Herkese Uygun Tek Çözüm Yok

İçeriğin bozulmasına karşı kolay bir çözüm yoktur. Bazı parçaların arşivlemeyi gerektirdiğini, diğerlerinin ise eski olmasına rağmen değerli tarihi referanslar olarak kaldığını anlayarak, yaşlanan içeriği dikkatli bir şekilde değerlendirmelisiniz.

Google’ın podcast’inin tamamını aşağıdan dinleyin:

Neden Önemsiyoruz?

“İçerik bozulması” kavramı, tüm web sitesi sahiplerinin karşılaştığı bir zorluğa, yani içeriğin yaşlandıkça nasıl yönetileceği ve sürdürüleceğine yöneliktir.

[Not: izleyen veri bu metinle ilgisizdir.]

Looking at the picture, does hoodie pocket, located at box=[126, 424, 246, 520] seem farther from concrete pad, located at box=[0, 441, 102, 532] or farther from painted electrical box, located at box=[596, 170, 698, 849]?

Güncel olmayan web sitesi içeriğiyle uğraşmak, olumlu bir kullanıcı deneyimi oluşturmak ve marka güveni oluşturmak için çok önemlidir.

Bu Size Nasıl Yardımcı Olabilir?

Bu podcast bölümü, Google’ın yaklaşımlarını inceleyerek aşağıdaki çıkarımları sunuyor:

  • Tarihsel doğruluk açısından eski içeriği korumanın değeri vardır.
  • Eski tavsiyeleri veya kullanımdan kaldırılmış özellikleri belirtmek için eski sayfaları güncellemeyi düşünün.
  • Eskiyen içeriğin rutin olarak değerlendirilmesi için bir denetim süreci oluşturun.

SSS

SEO bağlamında “içerik bozulması” ne anlama geliyor?

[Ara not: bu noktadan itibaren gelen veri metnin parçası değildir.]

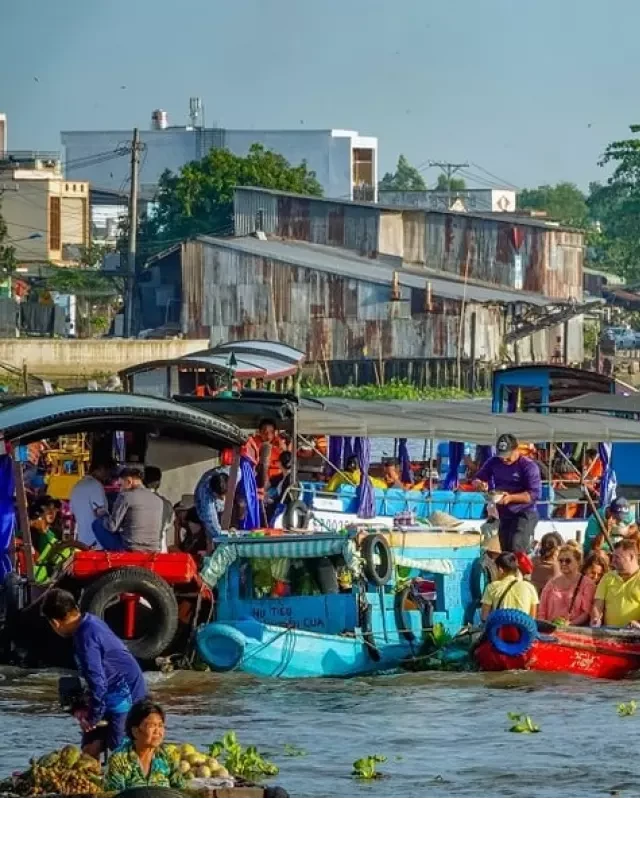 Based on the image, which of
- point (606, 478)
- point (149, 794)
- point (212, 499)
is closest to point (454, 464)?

Çevrimiçi içerik zamanla güncelliğini yitirme veya alakasız hale gelme eğilimindedir. Bu, sektördeki değişiklikler, kullanıcı ilgilerindeki değişiklikler veya yalnızca zamanın geçmesi nedeniyle gerçekleşebilir.

SEO bağlamında güncel olmayan içerik, bilgilerin kullanıcılar için ne kadar yararlı ve doğru olduğunu etkiler ve bu da web sitesi trafiğini ve arama sıralamalarını olumsuz yönde etkileyebilir.

Bir web sitesinin arama sonuçlarındaki güvenilirliğini ve performansını korumak için SEO uzmanlarının güncelliğini yitirmiş içeriği belirlemesi, güncellemesi veya yeniden kullanması gerekir.

Güncelliğini yitirmiş içeriğin tümü bir web sitesinden kaldırılmalı mı?

Tüm eski içeriğin silinmesi gerekmez. Ne tür bir içerik olduğuna ve neden oluşturulduğuna bağlıdır. Geçmiş olayları, ürün değişikliklerini gösteren veya güncelliğini yitirmiş terimler kullanan içerikler, tarihsel doğruluk açısından saklanabilir.

Eski içerik bağlam sağlar ve bir markanın veya sektörün zaman içinde nasıl geliştiğini gösterir. Eski içeriği kaldırmadan, güncellemeden veya saklamadan önce değeri dikkate almak önemlidir.

Kullanıcıların güncel olmayan içerikle ilgili kafa karışıklığını önlemek için en iyi uygulamalar nelerdir?

Web sitesi sahipleri ve SEO uzmanları, kullanıcıların güncel olmayan içerikle kafasını karıştırmamak için aşağıdaki adımları atmalıdır:

  • İçeriğin ne zaman yayınlandığını gösterin veya bilgilerin oluşturulduğundan bu yana değişip değişmediğini not edin.
  • Neden artık alakalı olmayabileceklerini açıklamak için güncelliğini yitirmiş referansların etrafına açıklamalar ekleyin.
  • İçeriğin taşınması veya güncellenmesi durumunda kullanıcıları en güncel bilgilere yönlendirmek için yönlendirmeler ayarlayın.

Bu stratejiler, insanların bir sayfanın alaka düzeyini anlamalarına ve ihtiyaçlarına yönelik en doğru bilgileri almalarına yardımcı olur.